Eine bemerkenswerte Sammlung von rund 70 Daguerreotypien wird im GRASSI aufbewahrt, die 2004 nach gründlicher wissenschaftlicher Aufarbeitung (durch Eberhard Patzig) in das Katalogbuch „Der gefrorene Augenblick – Daguerreotypie in Sachsen 1839–60“ (siehe unter FORSCHUNG) aufgenommen wurden.

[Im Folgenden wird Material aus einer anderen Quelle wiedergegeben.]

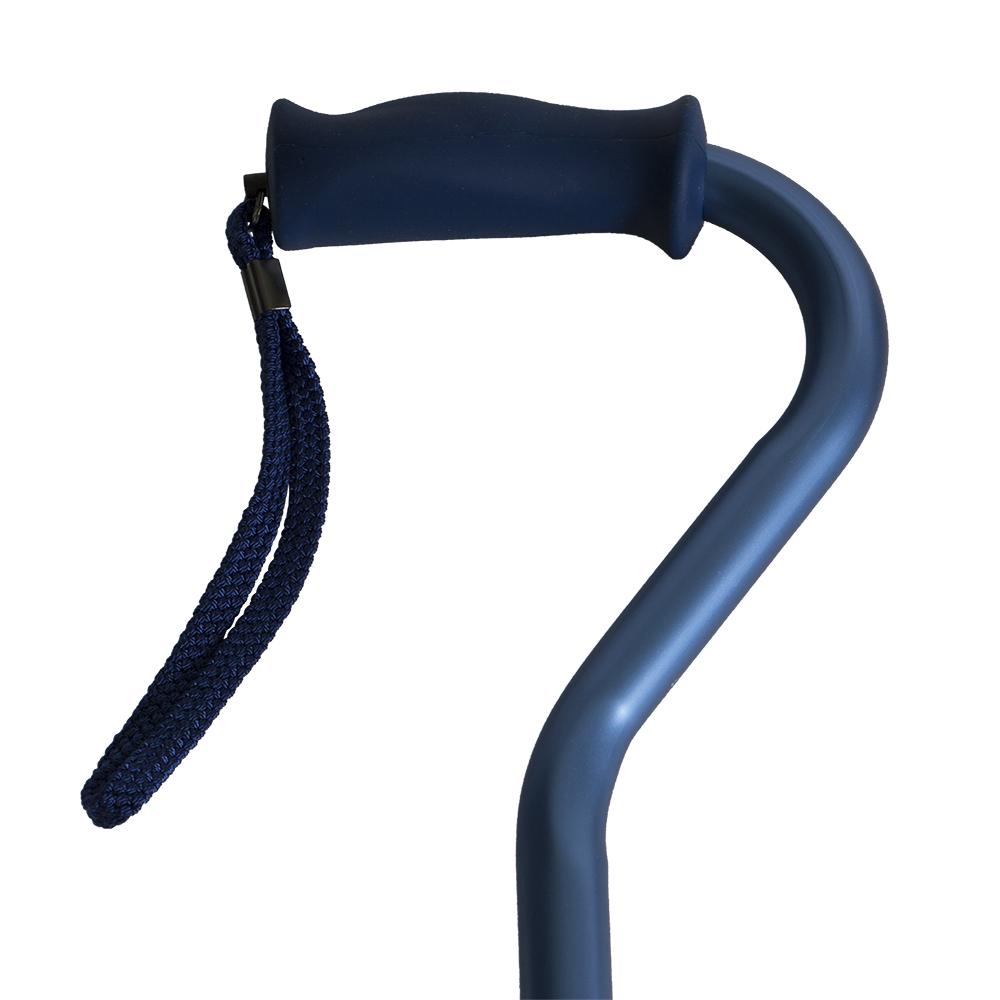 Adjustable Cane, Offset Handle, Metallic Blue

Der Grundstock dieser Sammlung wurde durch eine Stiftung des Leipziger Fotografenmeisters und Stadtrates Sander gebildet, mit der 1918 eine beachtliche Zahl dieser Inkunabeln aus dem ehemaligen Besitz der bedeutenden Leipziger Fotografiepionierin Bertha Wehnert-Beckmann in das Grassimuseum gelangte. In diesem Bestand konnten mehrere Porträts der Fotografin selbst; aber auch ihres Mannes, des Daguerreotypisten Eduard Wehnert, identifiziert werden. Daneben handelt es sich hauptsächlich um Porträtaufnahmen verschiedener in Leipzig wirkender Persönlichkeiten. Auch besitzt das Museum eine kleine Zahl Daguerreotypien anderer deutscher Lichtbildner sowie ein Konvolut von Daguerreotypien aus Amerika. Aus letzterem ragt das Bildnis der legendären Tänzerin und Geliebten des bayerischen Königs Ludwig I. Lola Montez hervor, aufgenommen um 1852 von den in New York tätigen Gebrüdern Meade.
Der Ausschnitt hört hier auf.